The overlong fourth offering in the latter saga, Transformers: Age of Extinction, bears these hallmarks as well as the same outcome. Contrary to the wishes of many, this isn’t the killer blow to end the mechanical invaders’ stranglehold over cinemas – but nor is it the changed direction that Bay, screenwriter Ehren Kruger and intellectual property owner Hasbro hope for. Instead, a strange amalgam eventuates, both familiar in its faults and trying to evoke difference. Recurrent concerns remain, including dismal dialogue, little character depth and illogical plot developments, all as pronounced as ever. Efforts to address past ills are also evident, seen in a focus on family over romance, scaling back some combat to one-on-one displays, and adding other elements – most notably Dinobots, chases through Beijing and a culmination in Hong Kong – into the mix.

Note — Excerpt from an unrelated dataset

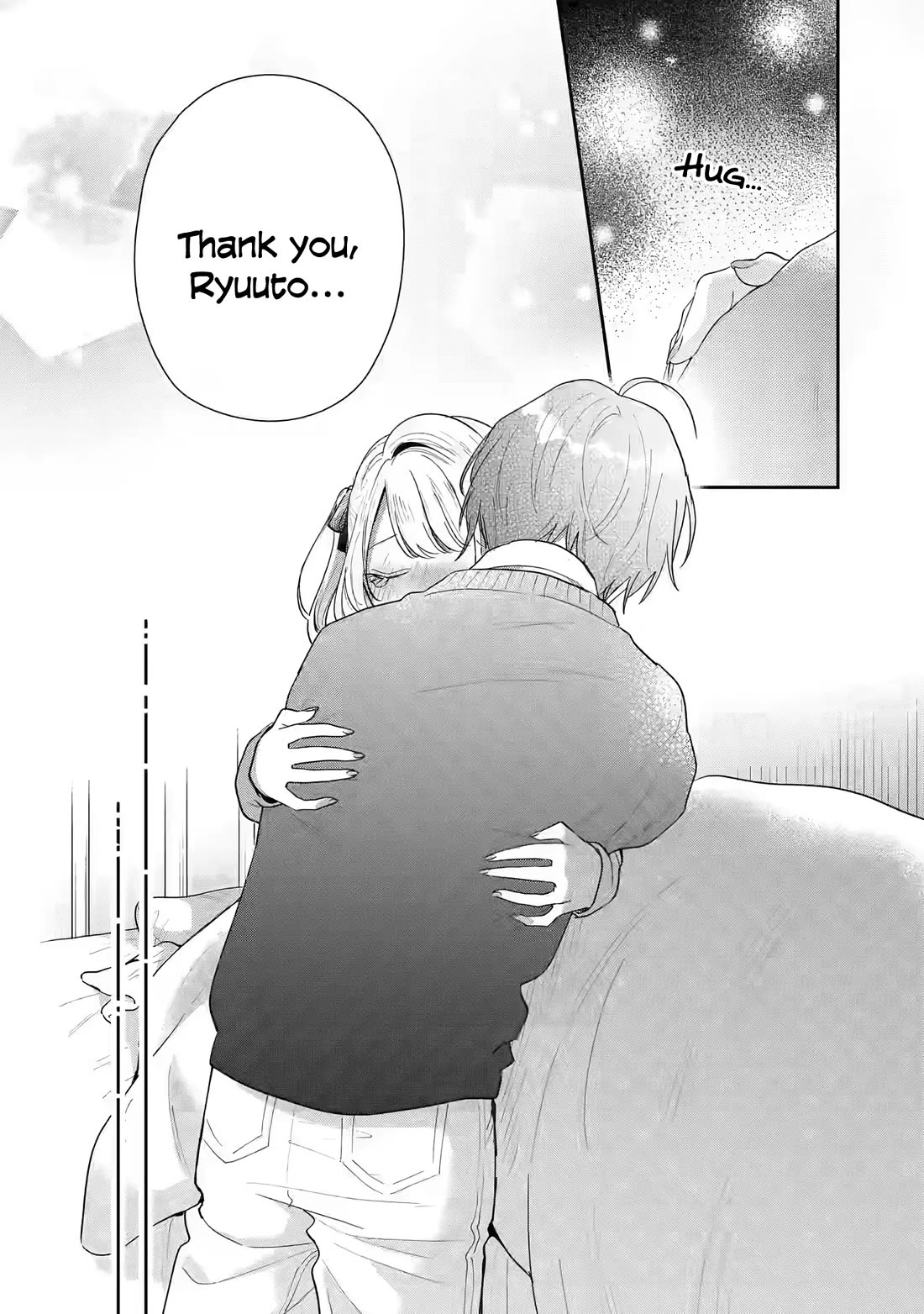 Keiken Zumi na Kimi to, Keiken Zero na Ore ga, Otsukiai Suru Hanashi Chapter 30 - Page 16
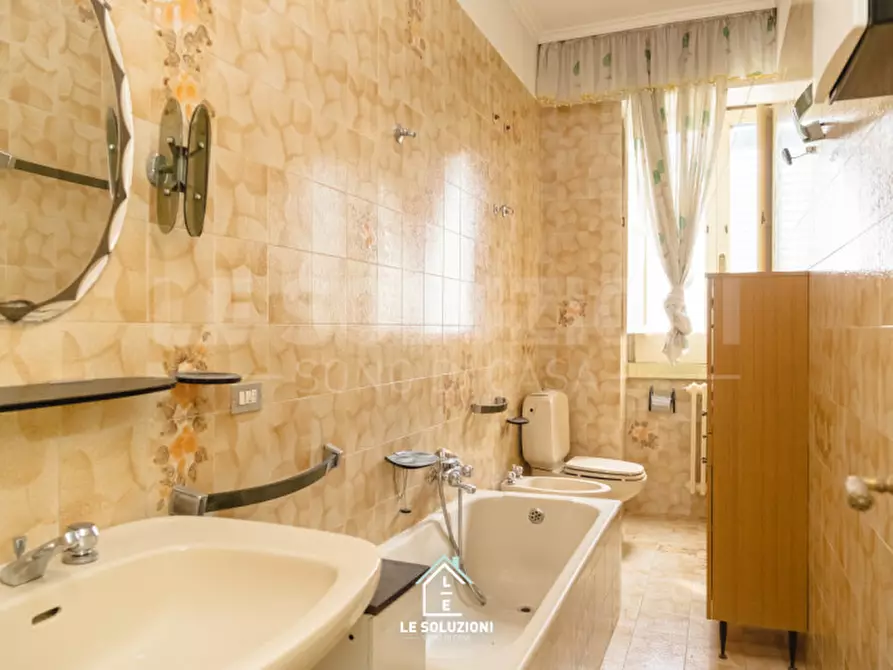 Immagine 10 di Appartamento in vendita  in via vincenzo petruzzi 52 a Putignano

In everything but causality, Transformers: Dark of the Moon is forgotten in favour of a new story populated by new human protagonists. That feature’s climatic Chicago clash is now a cautionary tale to keep the populace wary of the robots in disguise, and to give cause to CIA black ops chief Harold Attinger’s (Kelsey Grammer, TV’s Boss) war against everything alien, good or bad. Texan inventor Cade Yeager (Mark Wahlberg, Lone Survivor) stumbles into the mess when he salvages a broken-down truck that happens to be an incognito Optimus Prime (voiced by veteran Peter Cullen). Government attention rushes to his farm, forcing him on the run with his offsider Lucas (T.J. Miller, Silicon Valley), teenage daughter Tessa (Nicola Peltz, Bates Motel), her boyfriend Shane (Jack Reynor, Delivery Man), and the protective Autobot leader.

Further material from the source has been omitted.